The Community Action for a Renewed Environment (CARE) Program, funded by the Environmental Protection Agency (EPA), is a way for San Luis Valley communities to organize and take action to reduce environmental health hazards. Through education and community involvement, the San Luis Valley Ecosystem Council, in partnership with the public health departments around the valley, local businesses, and community members will work to assess the environmental health of the San Luis Valley.
Here is an article that appeared in the Valley Courier on May 17:
Earth Days Honored at Valley Schools
Unpredictable springtime weather and busy schedules did not prevent schools and students from honoring Earth Days this year, although times and activities varied.
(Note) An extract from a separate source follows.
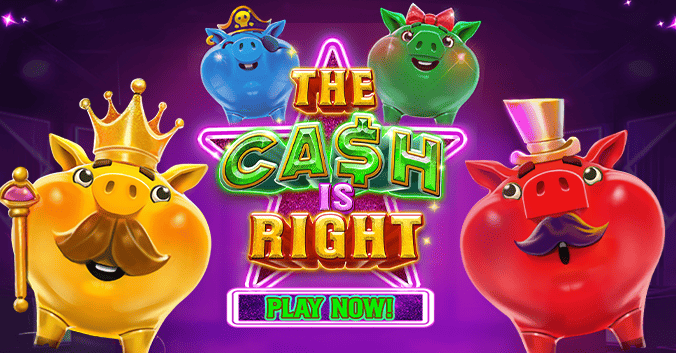 Colorful piggy bank characters surrounding the game logo ‘The Cash Is Right’ with neon lights and a 'Play Now' button – vibrant banner for Eternal Slots online casino game promotion.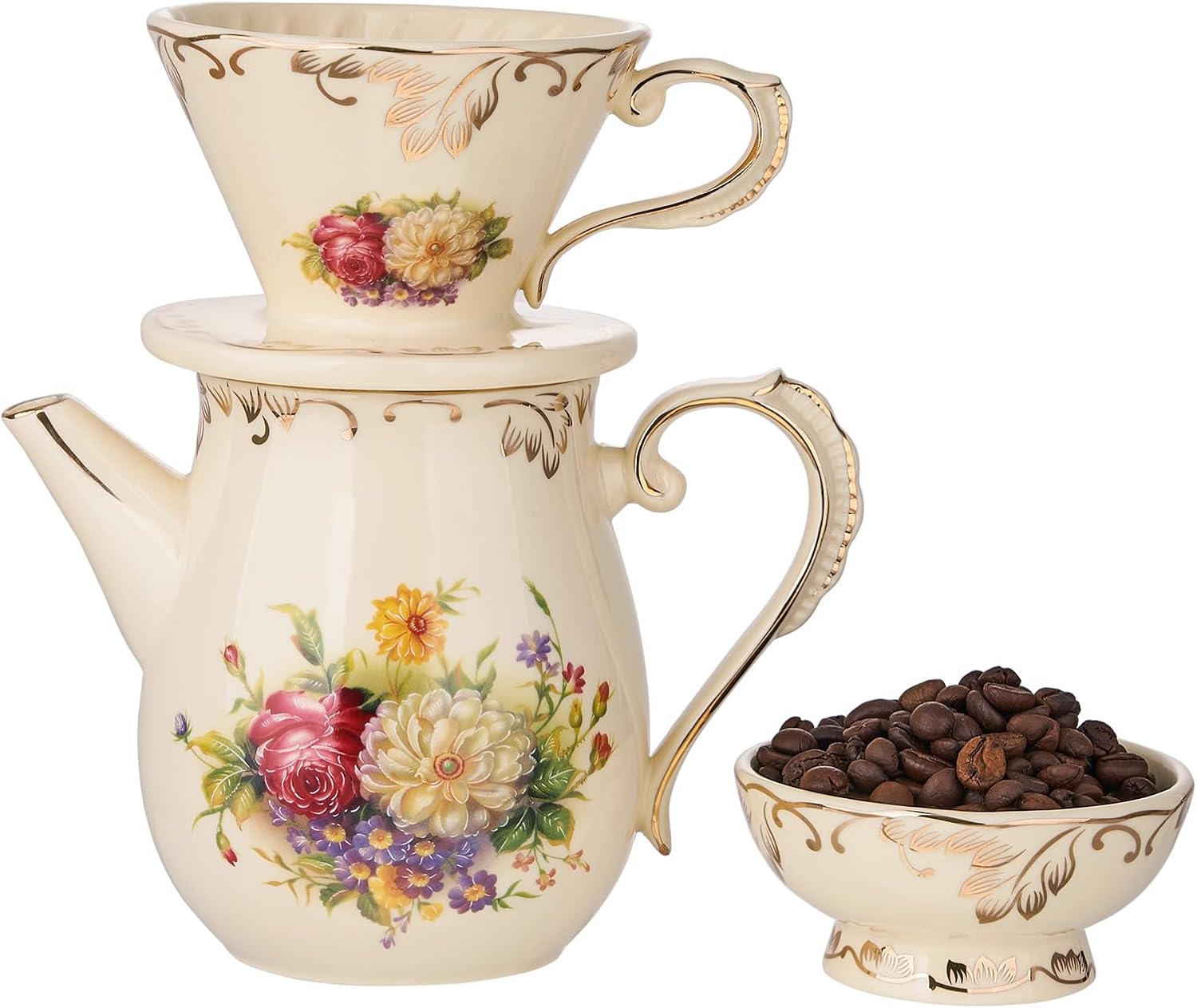 YOLIFE Floarl – Juego de gotero de café, cafetera de cerámica con diseño de cono, 1 taza, regalo para mujeres (arbustos florecientes)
Centauri Middle School held its Earth Day event last Friday featuring presentations by the Forest Service, community projects, and the Conejos Clean Water (CCW) and the San Luis Valley Ecosystem Council (SLVEC) nonprofits. These organizations conduct waste management programs and are providing education to students and the public about proper waste disposal and recycling to reduce waste buildups.
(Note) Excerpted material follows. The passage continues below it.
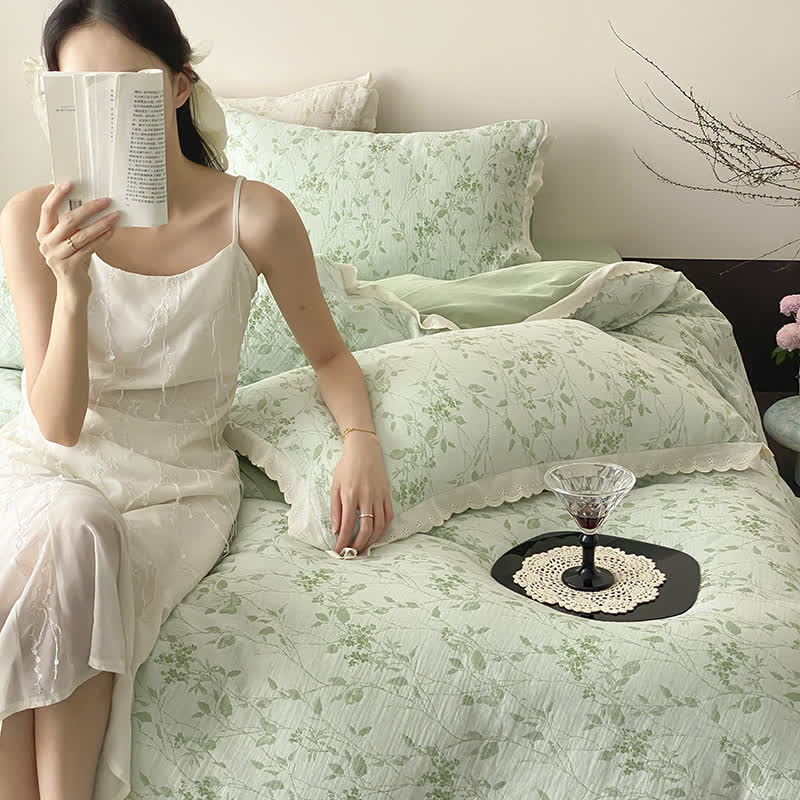 Ensemble de literie vintage en gaze de coton avec un subtil motif de feuilles (4 pièces) - image 1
Kristina Crowder, Project Coordinator for the Ecosystem Council, noted that Centauri students and staff were delighted to recognize their peers in a brochure detailing last year’s illegal dump cleanups in Conejos County, a joint effort by the Council and CCW. “We ran out of these fast,” said Crowder, “and I’m glad these clean-ups had such a positive impact on the students.”
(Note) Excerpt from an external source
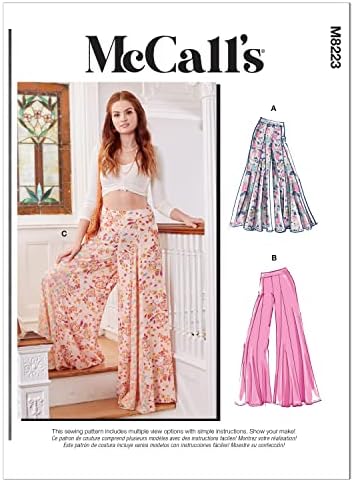 Kit de padrão de costura de calças largas de McCall Misses, Código M8223, Tamanhos L-XL-2xl, Multicolor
In addition to recreational and wildlife opportunities offered by public lands, Forest Service staffers Andrea Jones and Daniel Lopez reviewed job opportunities for students interested in pursuing careers with the agency. Other presentations at Centauri’s school gym were rounded out by Abe Rosenburg representing the Valleybound Antonito School and Community Garden, and Maury Grimm with Nature’s Table on foraging edible wild plants.
Principal Tyler Huffaker and CCW Coordinator Anna Lee Vargas organized Centauri’s Earth Day, involving over 100 students. Vargas, herself a graduate of Centauri, noted “it was great being back at my old middle school and to help educate on these problems.”
Centauri’s event added to a series of presentations to Valley schools, including some in April with the Center School District for their annual service days cleaning up trash around the town’s community park and canal, and Ortega Middle School in Alamosa, addressing waste management and recycling. All told, about 300 middle school students in these various events received the Earth Day message or participated in some way to help out.
Following a successful program startup in Conejos and Costilla counties, a second waste management grant from USDA is making it possible to extend services to Alamosa and Saguache counties. A clean-up is being planned for one of Alamosa’s worst dump sites, and the potential for transfer stations is also under review.
Serving the north end of the Valley, the extended program also addresses Saguache County’s landfill operation which has been costly to operate. Engineering assistance to the program is being provided by Eric Toledo of Rural Community Assistance Corporation.
Also noted was the Ecosystem Council’s participation in Adam State’s annual Earth Fest, including the river clean-up covered in an earlier Courier article.